Neural Network Operator-Based Fractal Approximation: Smoothness Preservation and Convergence Analysis

TL;DR

This paper introduces a neural network operator-based method for constructing fractal interpolation functions that preserve smoothness and converge to the original function, advancing approximation theory with neural network techniques.

Contribution

It develops a novel neural network operator-based approach for creating smoothness-preserving fractal interpolation functions with convergence guarantees.

Findings

Fractal functions constructed using neural network operators preserve the smoothness of original functions.

The method guarantees convergence of the fractal functions to the original function under certain conditions.

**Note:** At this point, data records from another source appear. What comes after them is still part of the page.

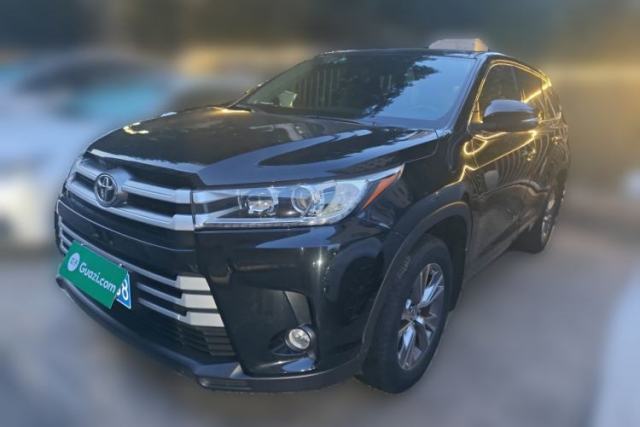Used Toyota Highlander 2018 2.0T Two-Wheel Drive Elite Version 5 Seats China VI Standard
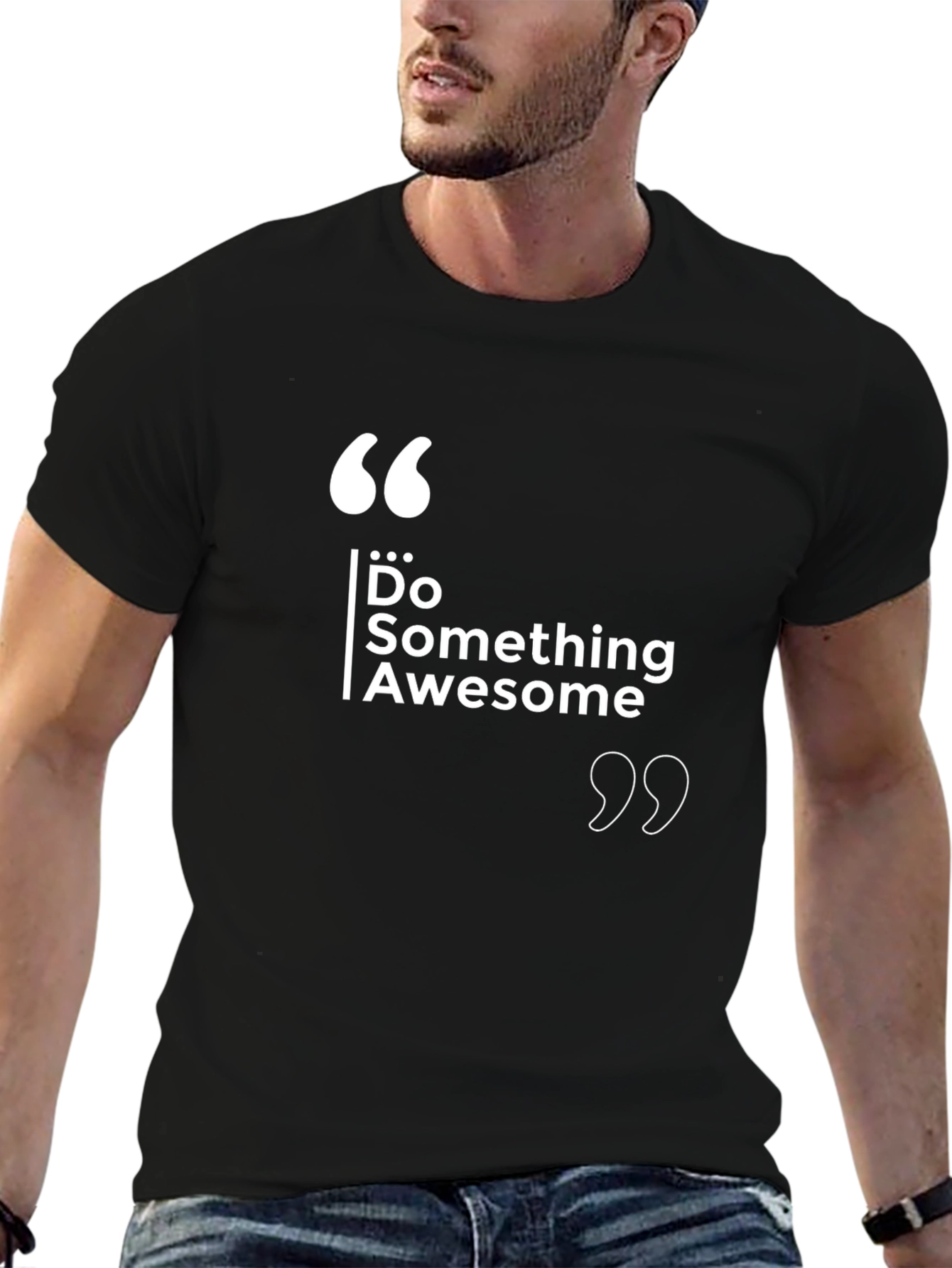 Do Something Awesome - Black Graphic Tee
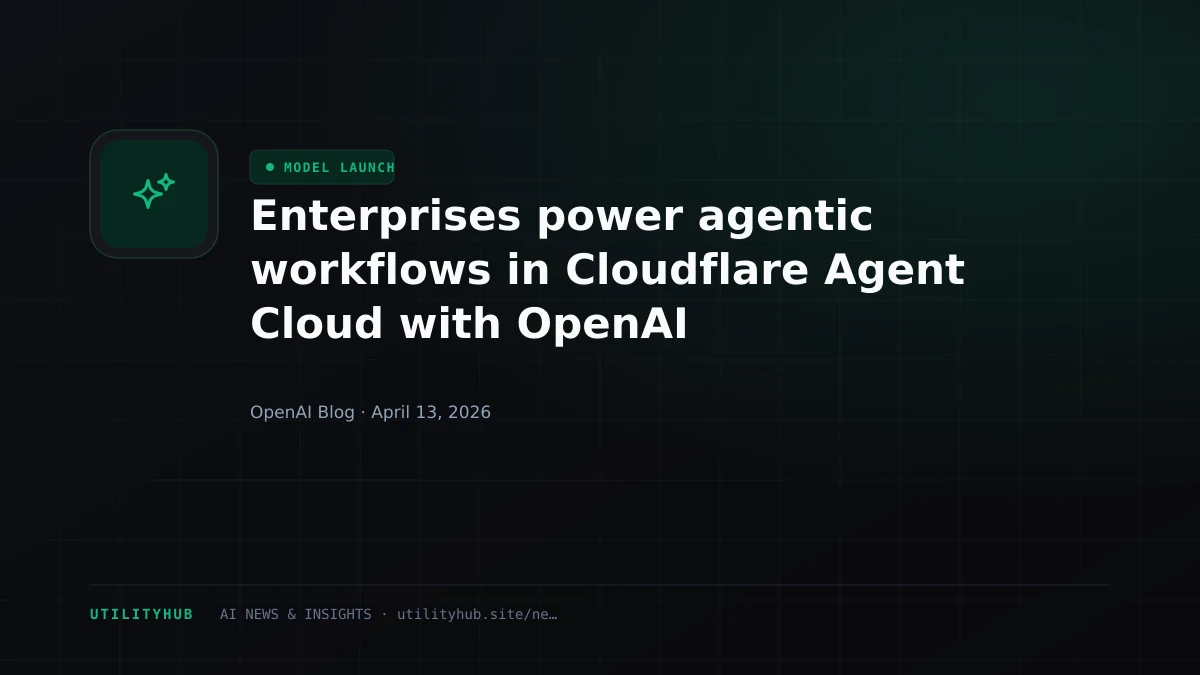 Visual for Enterprises power agentic workflows in Cloudflare Agent Cloud with OpenAI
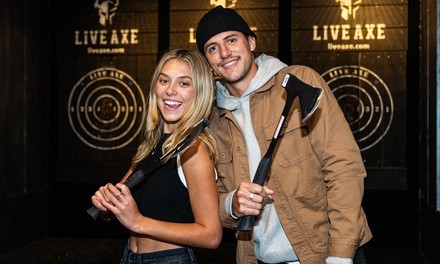 Axe-Throwing Session for Two, Four, or Six at Live Axe (Up to 26% Off). Six Options Available.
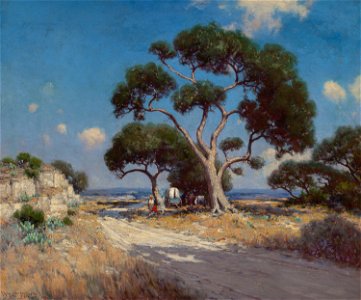 Julian Onderdonk - On the Old Blanco Road, Southwest Texas (1911)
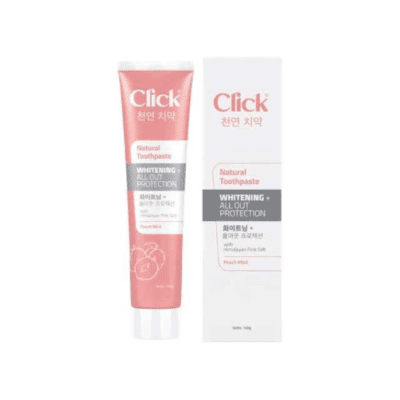 Click Natural Whitening All Out Protection Peach Mint Toothpaste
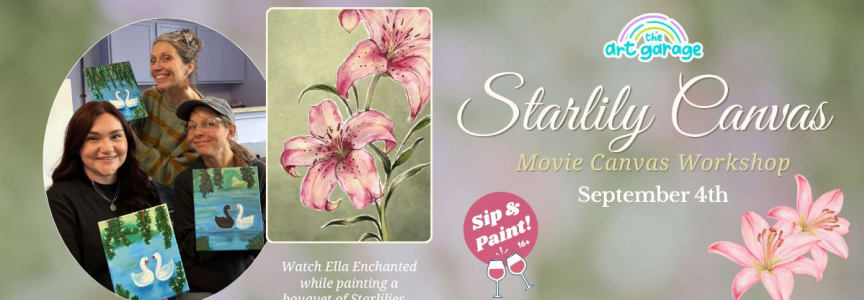 Starlily Sip & Paint Canvas Workshop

Provides uniform approximation error bounds using approximation theory tools.

Abstract

This paper presents a new approach of constructing $\alpha$-fractal interpolation functions (FIFs) using neural network operators, integrating concepts from approximation theory. Initially, we construct $\alpha$-fractals utilizing neural network-based operators, providing an approach to generating fractal functions with interpolation properties. Based on the same foundation, we have developed fractal interpolation functions that utilize only the values of the original function at the nodes or partition points, unlike traditional methods that rely on the entire original function. Further, we have constructed \(\alpha\)-fractals that preserve the smoothness of functions under certain constraints by employing a four-layered neural network operator, ensuring that if \(f \in C^{r}[a,b]\), then the corresponding fractal \(f^{\alpha} \in C^{r}[a,b]\). Furthermore, we analyze the convergence of these $\alpha$-fractals to the original function under suitable conditions. The work uses key approximation theory tools, such as the modulus of continuity and interpolation operators, to develop convergence results and uniform approximation error bounds.